◆ Data to examine
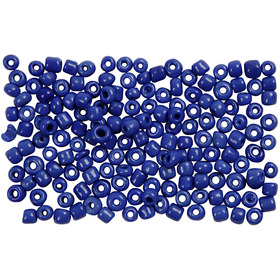 Rocaille seed beads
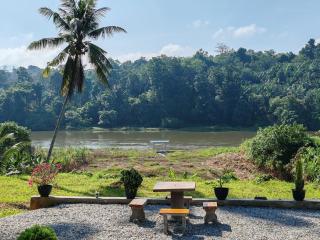 Homestay Tepi Sungai Perak - 3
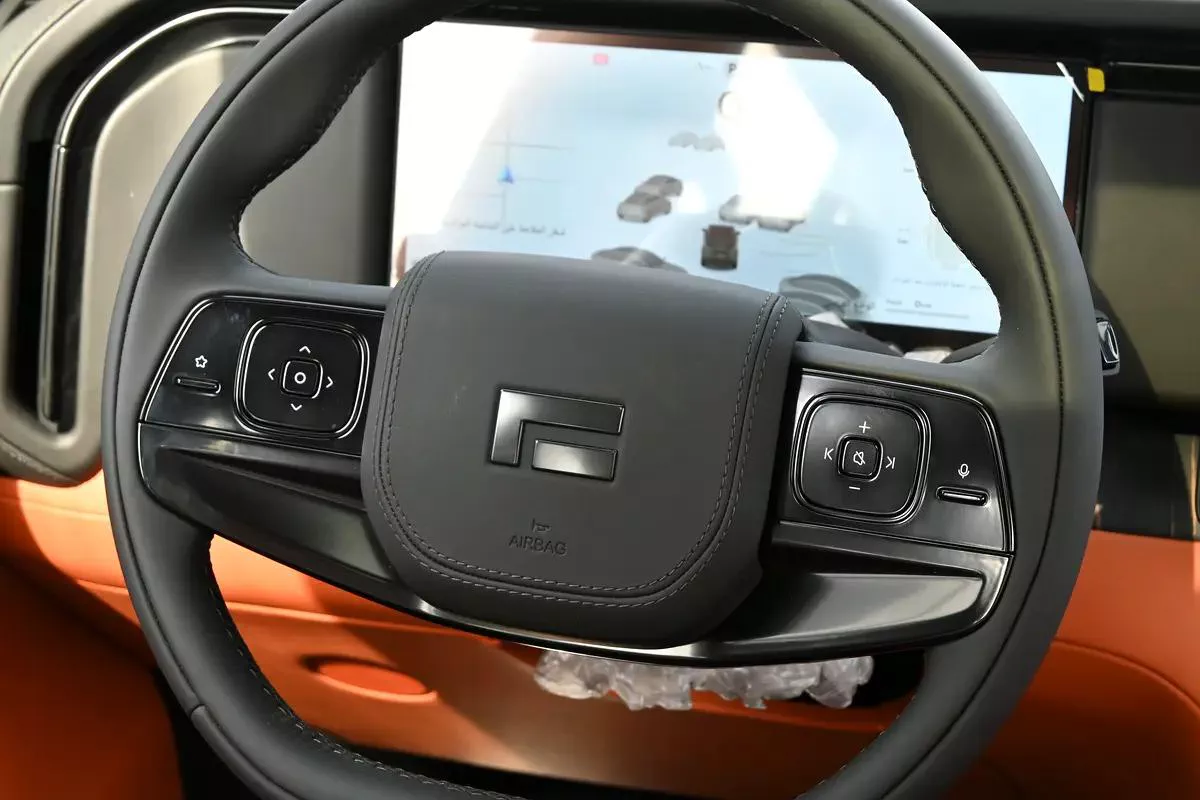 ROX Adamas 7St 1.5L Hybrid 4WD - 2026 - ضمان الوكيل-18-18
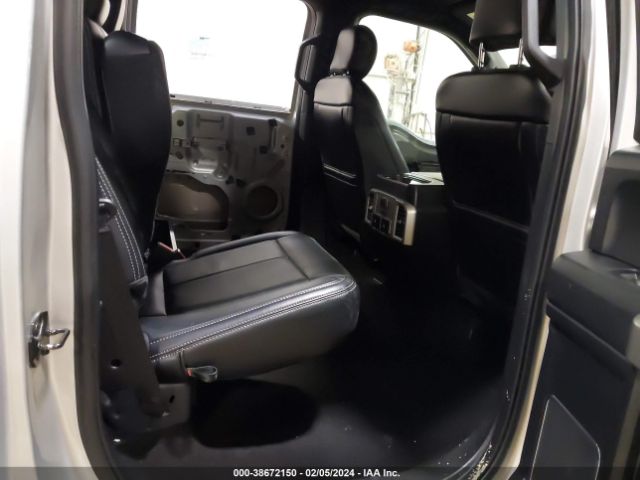 1FTEW1EPXKFB22364 Ford F-150 Lariat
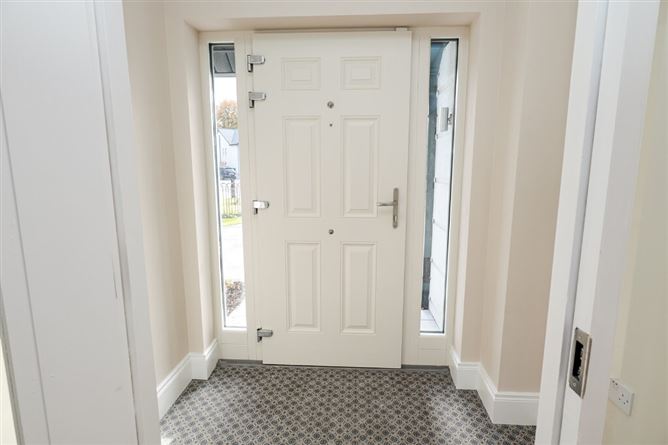 22 Long Meadows, Old Sion Road, Kilkenny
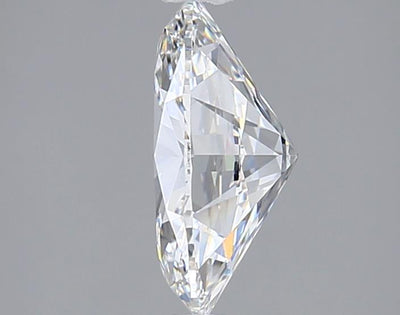 2.50 Carat Oval Lab Diamond :: Greenstar spin frame 01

◆ The task
Without the pictures, return the entries exactly as they appear.

◆ Completed task
 Rocaille seed beads
 Homestay Tepi Sungai Perak - 3
 ROX Adamas 7St 1.5L Hybrid 4WD - 2026 - ضمان الوكيل-18-18
 1FTEW1EPXKFB22364 Ford F-150 Lariat
 22 Long Meadows, Old Sion Road, Kilkenny
 2.50 Carat Oval Lab Diamond :: Greenstar spin frame 01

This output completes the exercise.